最後人大更一錘定音,鐵定2007 年行政長官無普選,且2008 年立法會選舉中,功能組別與直選議員比例不變。
在前車之鑑下,今次政改普羅政治學苑及熱血公民一直堅持否定一切形式的提名委員會,並要求「全民制憲」,直接由公民提名特首候選人,不甘委曲於《基本法》的框架內,只是糾結在「提名委員會」的組成辦法以及特首候選人的確認程序。因此,普羅熱血兩個組織 在2013 年及2014 年7月1 日,在灣仔循道衛理教會分別舉行了「全民制憲起動集會」及「全民制憲大會」,焚燒《基本法》和立法會綜合大樓及政總大樓模型,並在《熱血時報》網頁上開放「全民網上制憲」系統,讓市民對《基本法》條文寫上自己意見。

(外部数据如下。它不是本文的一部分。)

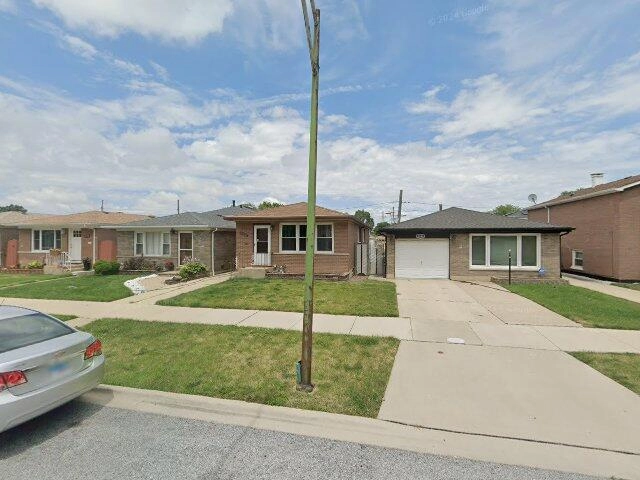 House image located at Chicago, IL 60633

去年11 月12 日,黃毓民議員亦在立法會提出「全民制憲,重新立約,實現真正『港人治港』」的無約束力動議,並闡釋背後理念及具體操作安排︰
一、先特區政府總辭,由三司十二局的常任秘書長看守政府,主持日常運作;
二、成立修憲委員會,準備釐定香港自治權的範圍,以及國防與外交事務的定義;
三、制定公投法,讓港人有創制及複決法律的權利;
四、制定政黨法以及政治獻金法,容許行政長官候選人有政黨背景,立法會議員提出涉及政府政策的法案,無須獲得行政長官的書面同意;
五、新《基本法》獲港人公投通過後,舉行公民連署提名的行政長官及立法會雙普選。
結果建制派集體投反對票,更有17 名泛民議員投下棄權票,包括何俊仁、李卓人、涂謹申、梁耀忠、劉慧卿、馮檢基、李國麟、何秀蘭、胡志偉、莫乃光、陳家洛、梁繼昌、郭家麒、張超雄、單仲偕、黃碧雲、葉建源,議案遭到否決。但一踏出議事廳,泛民在傳媒及大眾前又再高呼「我要真普選」的口號,繼續自欺欺人。這個沒有約束力的動議則儼如一面照妖鏡,把泛民「假抗爭真做show」的一面清楚比照出來。
學民學聯如夢初醒 改撐重寫基本法 亡羊補牢恐太遲
「佔中三子」雖自2013 年起,已籌備「讓愛與和平佔領中環」運動,期間除了籌款搞商討日、簽意向書、電子投票外,佔領行動一直只聞樓梯響,而爭取訴求亦與真普聯遭遇的情況相同,立場目標模糊不清,說什麼爭取「符合國際社會對『普及和平等』的選舉的理解,而不是帶有中國特色的『普選』。」
戴耀廷、陳健民又聲稱,佔中「行動重點在於以非暴力行動來作道德感召」,但底子裡的道德內容,除了要求參與者乖乖被捕外,卻空洞無物,甚至呼籲萬人連署,一同坐低等拉,目的為爭取普選,參與者要先參與,再商討,再投票……但爭取「普選」的實質內容竟然是白紙一張,最終「佔中」把大眾媒體、民意力量聚焦消耗在一個虛空的抗爭採排運動之上。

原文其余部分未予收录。